Genome-wide Association and Network Analysis of Lung Function in the Framingham Heart Study
ABSTRACT
Single nucleotide polymorphisms have been found to be associated with pulmonary function using genome-wide association studies. However, lung function is a complex trait that is likely to be influenced by multiple gene–gene interactions besides individual genes. Our goal is to build a cellular network to explore the relationship between pulmonary function and genotypes by combining SNP level and network analyses using longitudinal lung function data from the Framingham Heart Study. We analyzed 2,698 genotyped participants from the Offspring cohort that had an average of 3.35 spirometry measurements per person for a mean length of 13 years.
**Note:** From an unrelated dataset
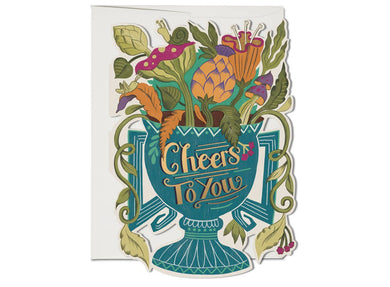 Red Cap Cards - Cheers to You congratulations greeting card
Repeated forced expiratory volume in one second (FEV1) and the ratio of FEV1 to forced vital capacity (FVC) were used as outcomes. Data were analyzed using linear-mixed models for the association between lung function and alleles by accounting for the correlation among repeated measures over time within the same subject and within-family correlation. Network analyses were performed using dmGWAS and validated with data from the Third Generation cohort. Analyses identified SMAD3, TGFBR2, CD44, CTGF, VCAN, CTNNB1, SCGB1A1, PDE4D, NRG1, EPHB1, and LYN as contributors to pulmonary function. Most of these genes were novel that were not found previously using solely SNP-level analysis. These novel genes are involving the transforming growth factor beta (TGFB)-SMAD pathway, Wnt/beta-catenin pathway, etc. Therefore, combining SNP-level and network analyses using longitudinal lung function data is a useful alternative strategy to identify risk genes.
Introduction
Chronic obstructive pulmonary disease (COPD) is a progressive lung disease in which impeded airflow makes breathing difficult. COPD is estimated to become the fourth leading cause of death by 2030 [Mathers and Loncar, 2006]. Cigarette smoke is the most important environmental risk factor for COPD, but the development of COPD is not universal in smokers. This phenomenon indicates that other factors contribute to the etiology of the disease.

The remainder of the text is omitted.